Des annulations du festival musical israélien Meteor

11.09.2018

Categories: Boycott culturel

Une quinzaine de groupes et artistes internationaux ont annoncé jusqu’à présent qu’ils se retiraient du Meteor Festival d’Israël à l’appel du mouvement Boycott, Désinvestissement et Sanctions (BDS).

Certains musiciens ont annulé parce qu’ils craignaient que leur participation n’embellisse l’occupation israélienne. D’autres n’ont pas donné de raison, au cas où des pressions pro-israéliennes les empêcheraient de se présenter dans d’autres festivals, selon Middle East Monitor.

Selon le site d’information israélien Walla, l’artiste américaine Lana Del Rey, les musiciens américains Henry Louver, Wolfox et Payton, les musiciens britanniques Leon Vinhol et Shanti Celeste, le musicien suédois Seinfeld et le groupe de musique sud-africain Black Motion vont boycotter le festival.

Le site rapporte que les artistes ont renoncé à participer au festival suite à l’appel du mouvement BDS . Il informe aussi que le fameux musicien britannique et activiste de BDS, Roger Waters soutient également le boycott.

Par ailleurs, les groupes de musique Znobia et Khalas constitués de Palestiniens citoyens d’Israël, vont aussi boycotter le Meteor Festival de musique, précise TRT.
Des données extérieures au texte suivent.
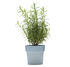 Slim Flowerpot - Oval - Integrated under-plate by Pa Design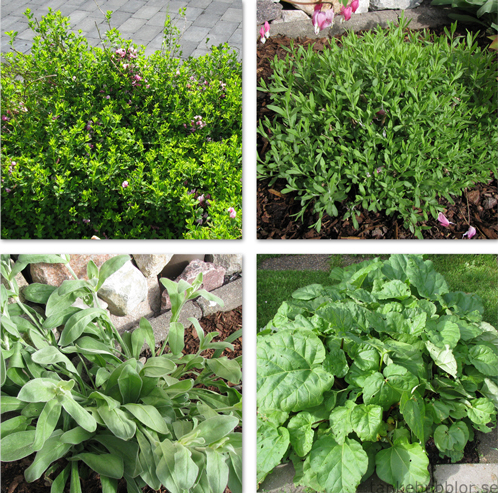 växter i trädgården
Le musicien américain Henry Laufer, connu sous son nom de scène Shlohmo, a annoncé sur Twitter samedi l’annulation de sa participation au festival israélien. “Désolé pour le court message, mais je ne jouerai PAS en Israël la semaine prochaine”, a-t-il écrit. “Désolé pour les fans que je laisse tomber et pour le personnel du festival, mais soutenir les opprimés par mon absence est plus important pour moi, surtout après les récentes violations des droits de l’homme commises par Israël”.
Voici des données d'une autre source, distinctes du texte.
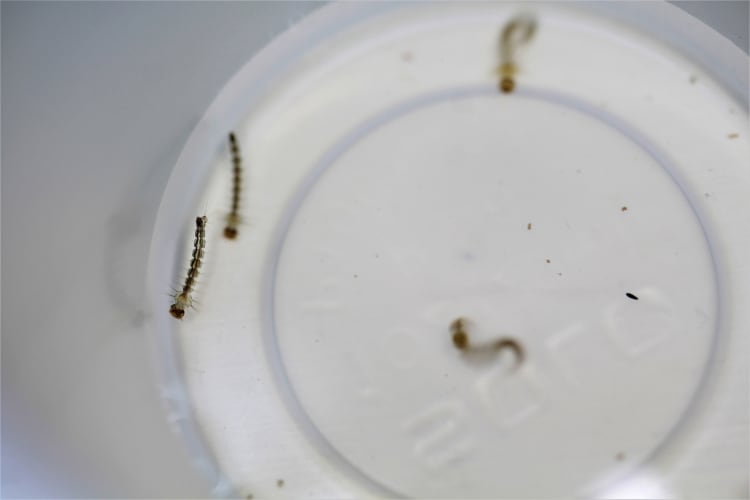 Larva de mosco del dengue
Le groupe de rock indépendant Of Montreal, qui a dénoncé une "situation d'apartheid" dans le pays, en expliquant qu'il ne pouvait "pas faire comme si la crise n'existait pas". Pour les membres du groupe, originaire d'Athens, en Géorgie, il n'existait pas d'alternative à l'annulation, "alors que les dirigeants politiques et militaires du pays poursuivent leur politique contre les Palestiniens". "Le temps n'est pas à l'évasion et à la fête", ont-ils expliqué, mais "à l'activisme et aux manifestations contre l'apartheid israélien, l'occupation israélienne de la Cisjordanie et les atrocités perpétrées quotidiennement par les forces israéliennes à Gaza".